In reality, some systems share a database for reasons that are expensive to change: legacy monoliths, complex reporting requirements, operational inertia.

In those systems, schema changes are one of the easiest ways for one team to surprise everyone else.

We’ve broken queries with an index "cleanup." We’ve locked tables with columns that looked small. We’ve deployed incompatible changes where one service updated its ORM models before another.

This post describes how we design schema changes now so they behave more like boring infrastructure work and less like roll-of-the-dice deploys.

Constraints

Multiple teams depend on the same database.
Not all queries are known or centrally cataloged.
Some workloads are bursty; load varies by hour and by day.
We can’t pause all writes during every migration.

We also have a hard requirement: user-facing flows must stay within SLOs while we change the schema.

What we changed

1. Schema changes have design docs

We stopped treating schema alterations as minor chores.

For non-trivial changes (new tables, new indexes, column type changes), we write a short design doc that covers:

what is changing and why
expected impact on read and write paths
how we’ll roll out and roll back the change
which teams and services are affected

The goal is not bureaucracy.

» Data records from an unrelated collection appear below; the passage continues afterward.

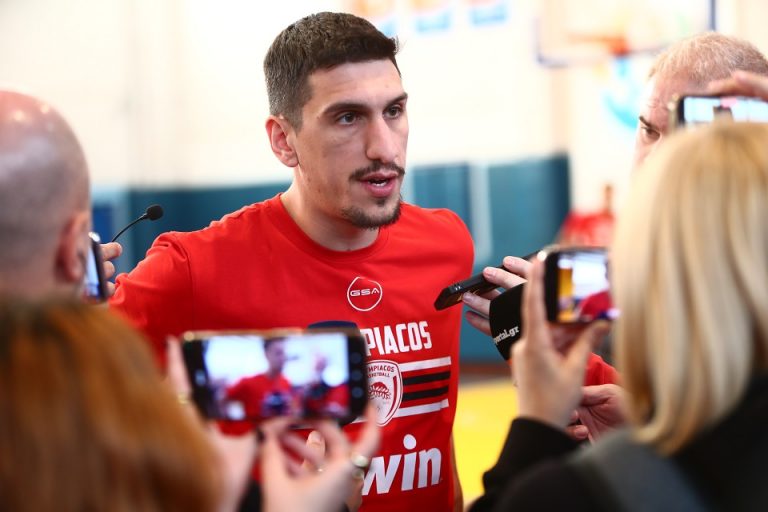 Λαρεντζάκης: «Ξέρω την εμπιστοσύνη του κόουτς, ένιωθα ότι θα τις βάλω και μπήκα και τις έβαλα»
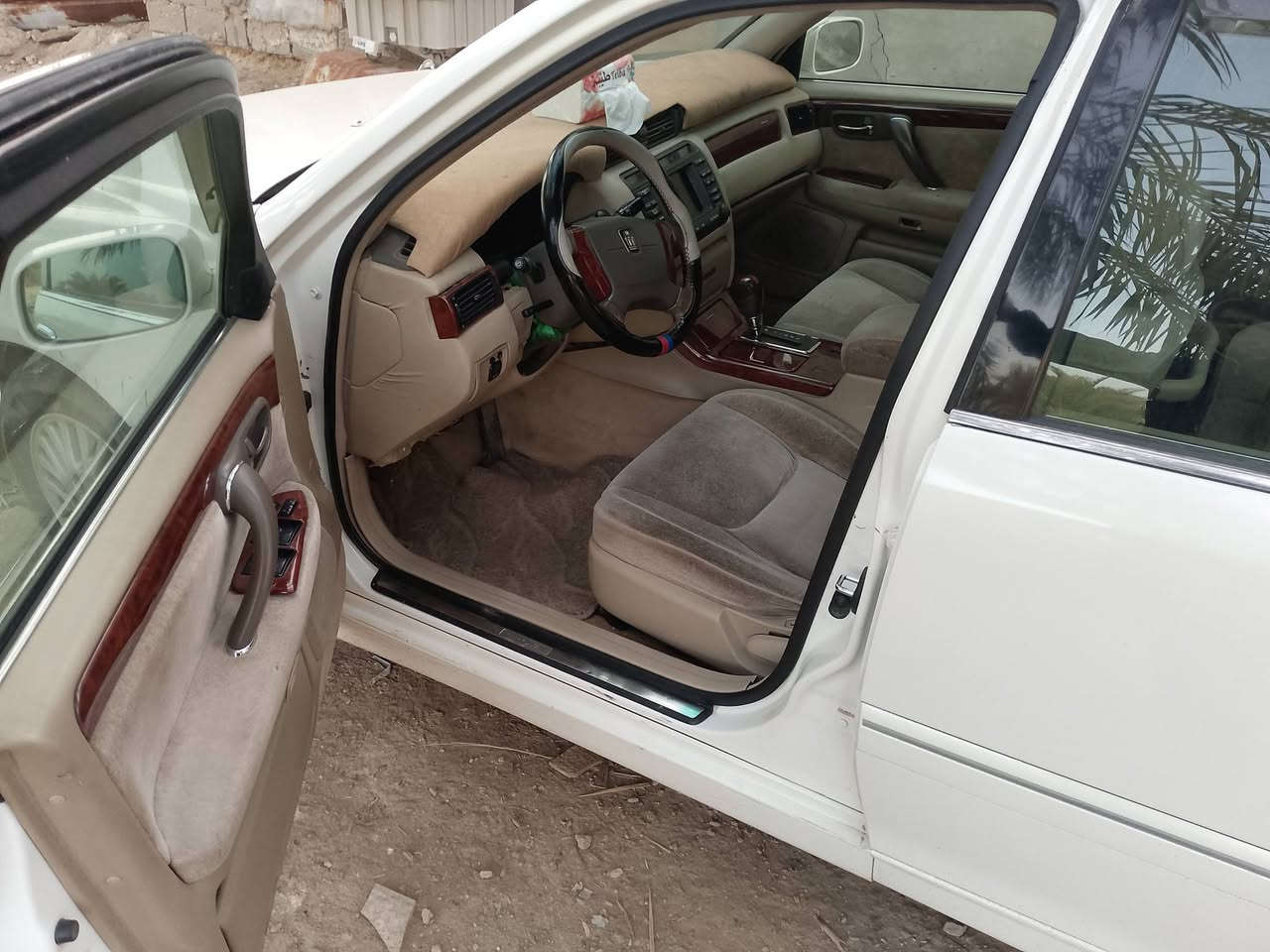 سلام عليكم
ملكه للبيع موديل 2003 
دكمه وحده كرستال 
السياره كصه جنطه 
مكان السياره المهناويه 
السياره عليها رقم بدون سنويه 
سعر السياره 37 ورقه وبيها مجال 
للاستفسار الاتصال على هذا الرقم 
***********
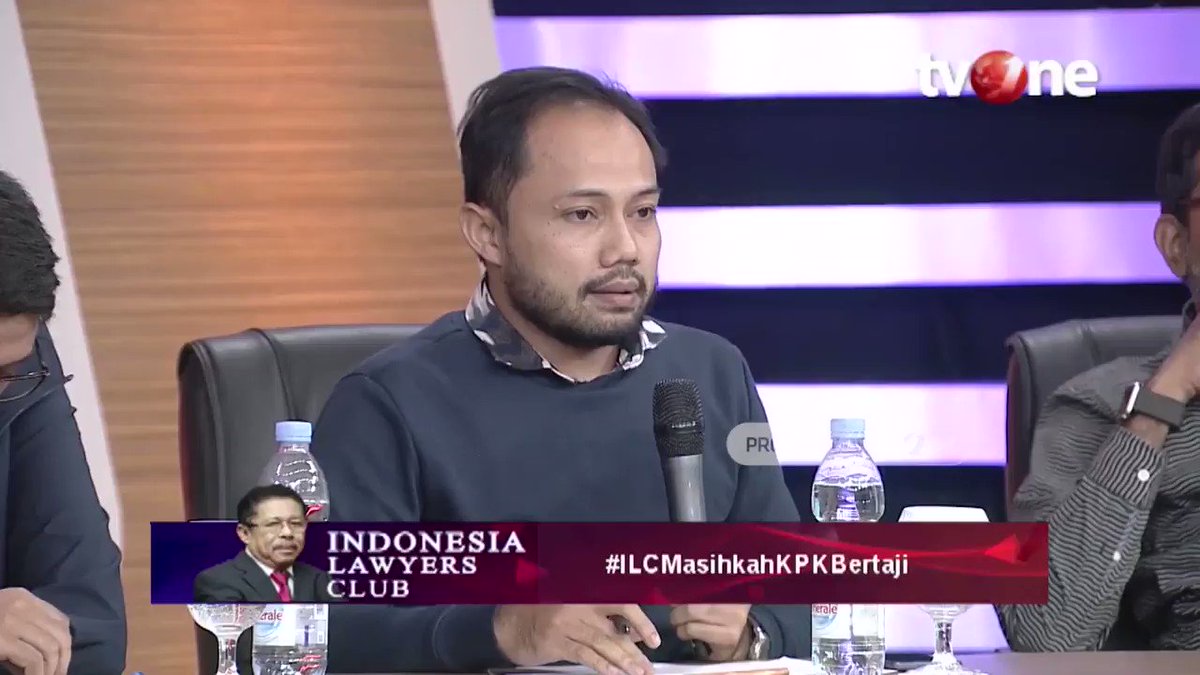 Peneliti ICW Donal Fariz: Ada tren baru dalam konteks demokrasi kita, kontestasi pemilu legislatif khusunya. Ada tren untuk melakukan PAW ada tren juga pemecatan kader partai agar seseorang. Dapatkan berita lain di tvOne connect #RepostNews #tvOneNews #ILCMasihkahKPKBertaji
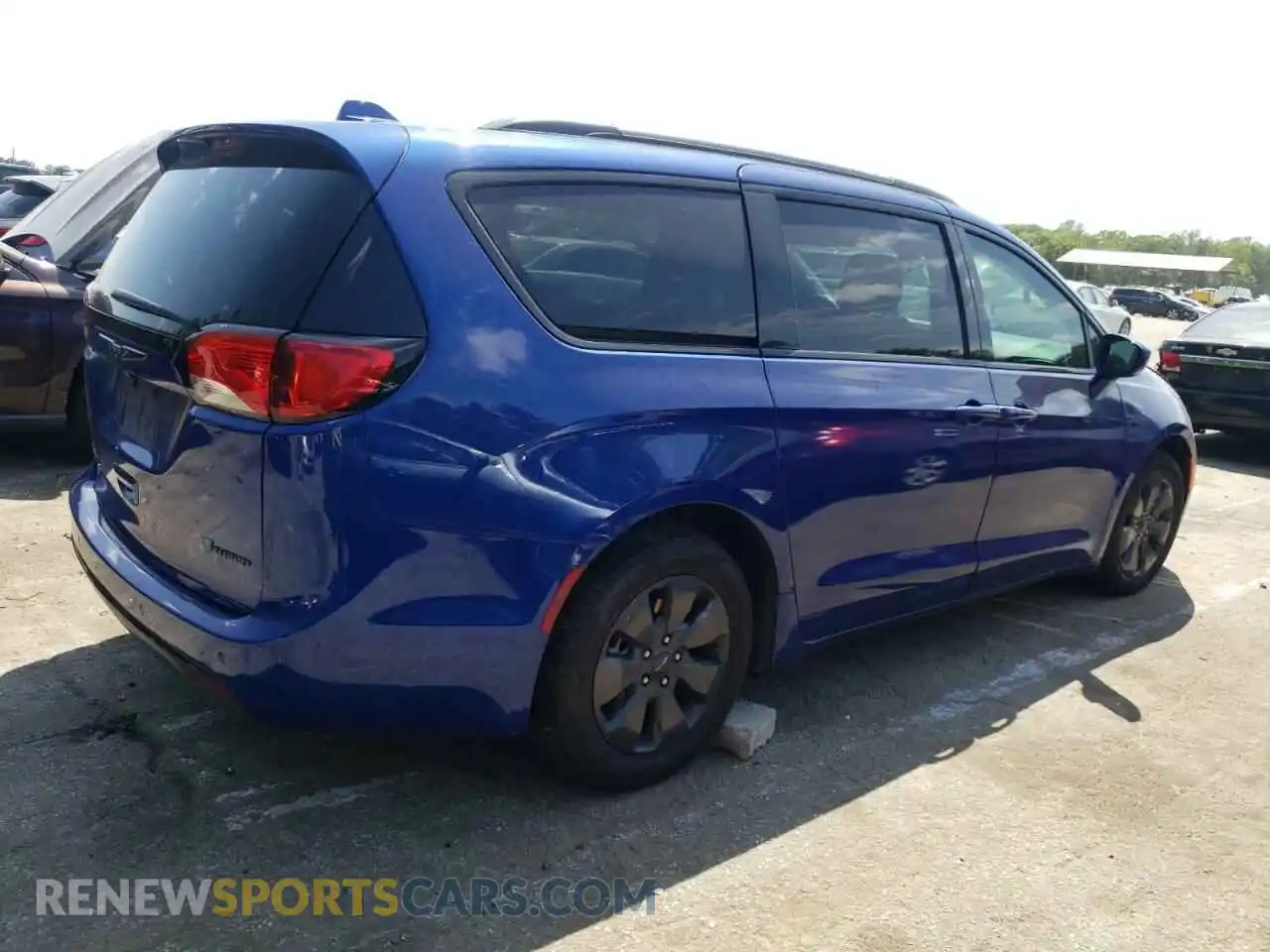 3 Photograph of a damaged car 2C4RC1L79LR288172 CHRYSLER PACIFICA 2020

It’s to force explicit thinking before we run ALTER TABLE on something hot.

2. Prefer additive changes

We bias toward additive changes that can be rolled out in phases:

add new columns instead of changing types in-place
add new tables alongside old ones, then backfill and switch over
add new indexes before changing queries to rely on them

Destructive changes (dropping columns, changing types) are treated as a second phase after traffic has safely moved.

3. Measure before and after

Before a change, we collect baseline data:

query frequencies and latencies for affected tables
peak times for relevant workloads
existing index usage

After the change, we compare:

did query latency or error rate move?
did overall load on the database change in expected ways?

This is mundane work, but it catches the difference between "we think this will be fine" and "it actually is."

4. Schedule and stage during low-risk windows

We schedule heavy changes for windows where load is lower and support coverage is strong.

We also stage changes:

apply schema change at a time when the database is quiet
wire up new code paths in a later deploy

This avoids stacking risks.

5. Test with production-shaped data

We can’t perfectly mirror production, but we can avoid worst-case surprises by:

running migrations against a copy or subset of real data in a lower environment
using tools that simulate the timing and locking behavior of the change

If a change takes 10 seconds on a small copy, we treat that as a warning, not an all-clear.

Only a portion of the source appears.